Data Pipeline
*************


boto.datapipeline
=================


boto.datapipeline.layer1
========================

class class boto.datapipeline.layer1.DataPipelineConnection(**kwargs)

   This is the AWS Data Pipeline API Reference. This guide provides
   descriptions and samples of the AWS Data Pipeline API.

   APIVersion = '2012-10-29'

   DefaultRegionEndpoint = 'datapipeline.us-east-1.amazonaws.com'

   DefaultRegionName = 'us-east-1'

   ResponseError

      alias of "JSONResponseError"

   ServiceName = 'DataPipeline'

   activate_pipeline(pipeline_id)

      Validates a pipeline and initiates processing. If the pipeline
      does not pass validation, activation fails.

      Parameters:
         **pipeline_id** (*string*) -- The identifier of the pipeline
         to activate.

   create_pipeline(name, unique_id, description=None)

      Creates a new empty pipeline. When this action succeeds, you can
      then use the PutPipelineDefinition action to populate the
      pipeline.

      Parameters:
         * **name** (*string*) -- The name of the new pipeline. You
           can use the same name for multiple pipelines associated
           with your AWS account, because AWS Data Pipeline assigns
           each new pipeline a unique pipeline identifier.

         * **unique_id** (*string*) -- A unique identifier that you
           specify. This identifier is not the same as the pipeline
           identifier assigned by AWS Data Pipeline. You are
           responsible for defining the format and ensuring the
           uniqueness of this identifier. You use this parameter to
           ensure idempotency during repeated calls to CreatePipeline.
           For example, if the first call to CreatePipeline does not
           return a clear success, you can pass in the same unique
           identifier and pipeline name combination on a subsequent
           call to CreatePipeline. CreatePipeline ensures that if a
           pipeline already exists with the same name and unique
           identifier, a new pipeline will not be created. Instead,
           you'll receive the pipeline identifier from the previous
           attempt. The uniqueness of the name and unique identifier
           combination is scoped to the AWS account or IAM user
           credentials.

         * **description** (*string*) -- The description of the new
           pipeline.

   delete_pipeline(pipeline_id)

      Permanently deletes a pipeline, its pipeline definition and its
      run history. You cannot query or restore a deleted pipeline. AWS
      Data Pipeline will attempt to cancel instances associated with
      the pipeline that are currently being processed by task runners.
      Deleting a pipeline cannot be undone.

      Parameters:
         **pipeline_id** (*string*) -- The identifier of the pipeline
         to be deleted.

   describe_objects(object_ids, pipeline_id, marker=None, evaluate_expressions=None)
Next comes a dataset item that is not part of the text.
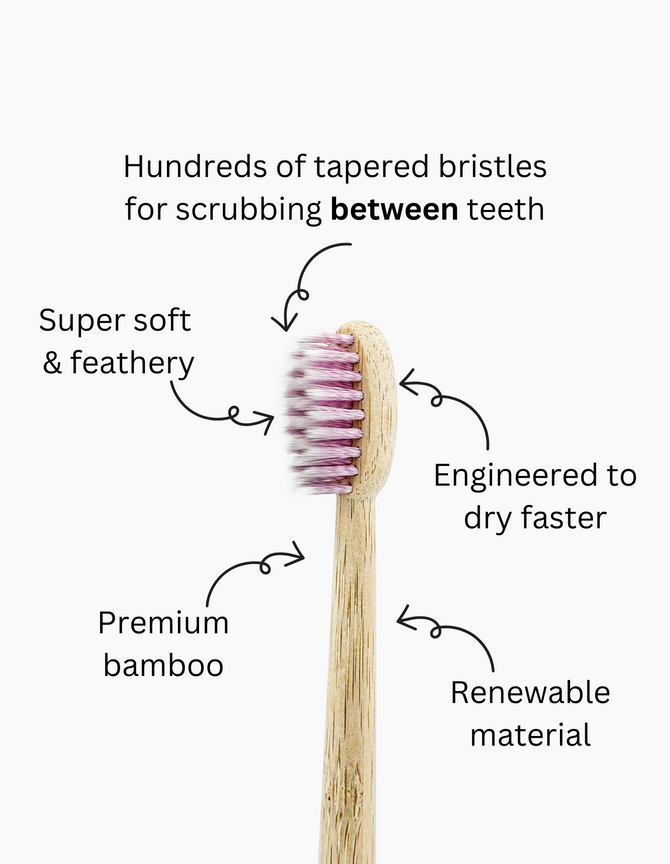 A close-up of a bamboo toothbrush with soft, tapered bristles, annotated with key features:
      Returns the object definitions for a set of objects associated
      with the pipeline. Object definitions are composed of a set of
      fields that define the properties of the object.

      Parameters:
         * **object_ids** (*list*) -- Identifiers of the pipeline
           objects that contain the definitions to be described. You
           can pass as many as 25 identifiers in a single call to
           DescribeObjects

         * **marker** (*string*) -- The starting point for the results
           to be returned. The first time you call DescribeObjects,
           this value should be empty. As long as the action returns
           HasMoreResults as True, you can call DescribeObjects again
           and pass the marker value from the response to retrieve the
           next set of results.

         * **pipeline_id** (*string*) -- Identifier of the pipeline
           that contains the object definitions.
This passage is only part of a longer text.